Center for Ethical Leadership in the Media honors women journalists and leaders of the #MeToo movement in China, including Huang Xueqin, for the IWMF’s #journoheroes month. Many have faced intimidation and threats by the Chinese government for their activism, and been placed under arrest at times over the last few years.
Huang Xueqin, a 30-year-old former journalist, was recently detained by Chinese police in the city of Guangzhou. Police charged her with “picking quarrels and provoking trouble.”
Huang shared her experience of sexual harassment in the workplace in 2017, and last year conducted an online survey of 2,000 women journalists about their experiences of harassment in the workplace. In her survey, 60 percent of respondents said they did not tell people about the harassment they experienced because they feared consequences for speaking publicly about the topic.
“I used to ask people’s opinions about #MeToo on Facebook, and got lots of support for advocating for the movement… However I found in China, under the conservative social climate, Chinese females tend to be less willing to voice their opinions publicly on this issue,” Huang said in an interview on Chinese television about the survey.
Huang’s report found more than 80 percent of female journalists had experienced sexual harassment in the workplace.
“I think prevention and education is needed… because some things are kind of still a taboo for Chinese people to talk about – it’s absolutely not the topic you are going to talk about with your parents, so we don’t get the education from family, and even in university there is not that much about sex education,” Huang said, according to The Hong Kong Free Press.
Her report recommended that media companies “take the lead in establishing anti-sexual harassment mechanisms in the workplace, including prevention, education, investigation and confidential counseling,” the HKFP reports.
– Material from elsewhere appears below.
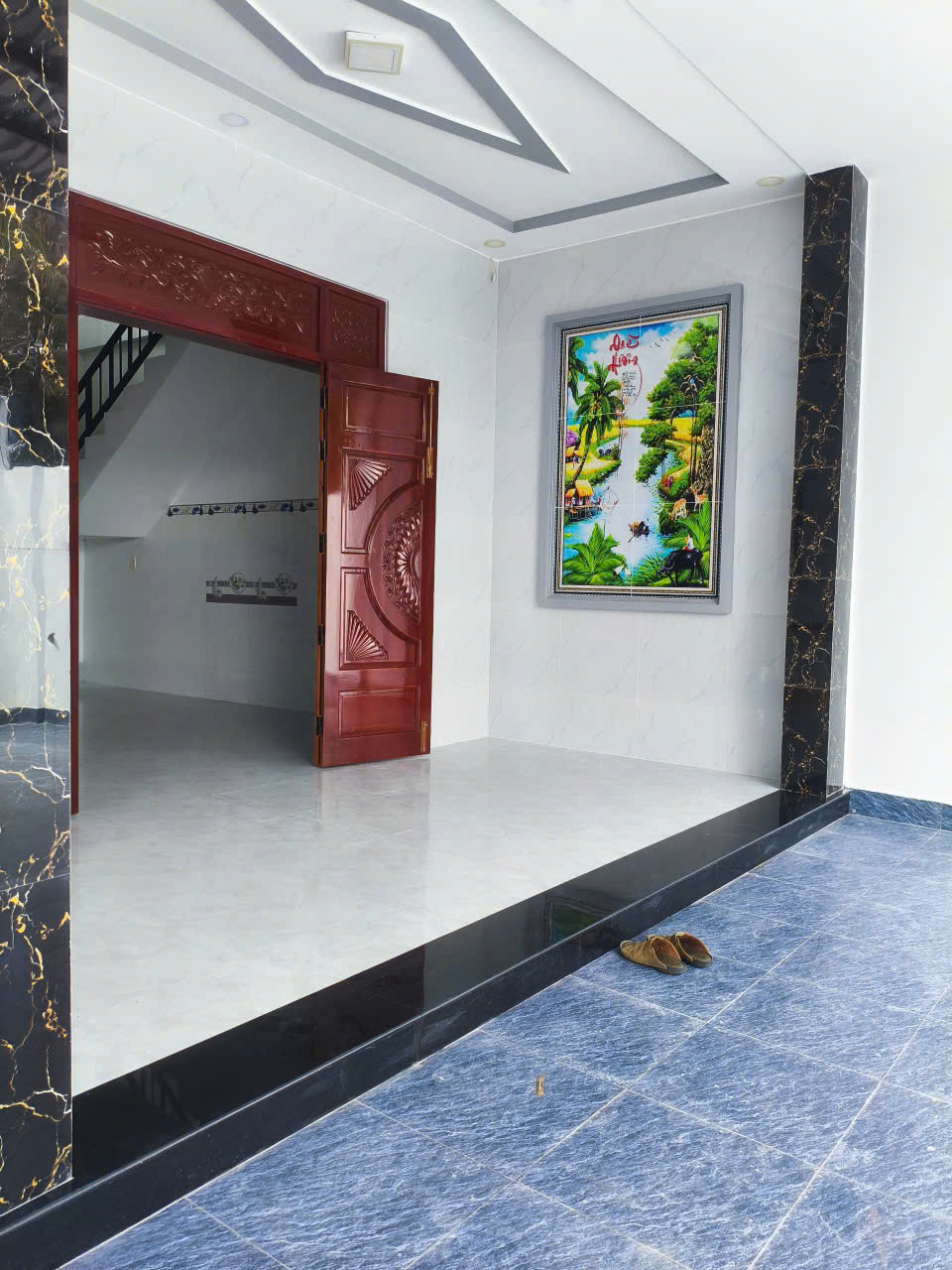 Bán nhà 1 trệt 1 lầu 3PN, ngang 8m tại phường Bến Tre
Huang is one of several women’s rights activists detained by the Chinese government in recent years. Five were detained just before International Women’s Day in 2015, also on suspicion of “picking quarrels and provoking trouble.” They had planned demonstrations across the country against sexual harassment, and after their arrest, became known as the “feminist five.”
Center for Ethical Leadership in the Media honors Huang, women journalists and activists throughout China who continue to bravely campaign for women’s rights.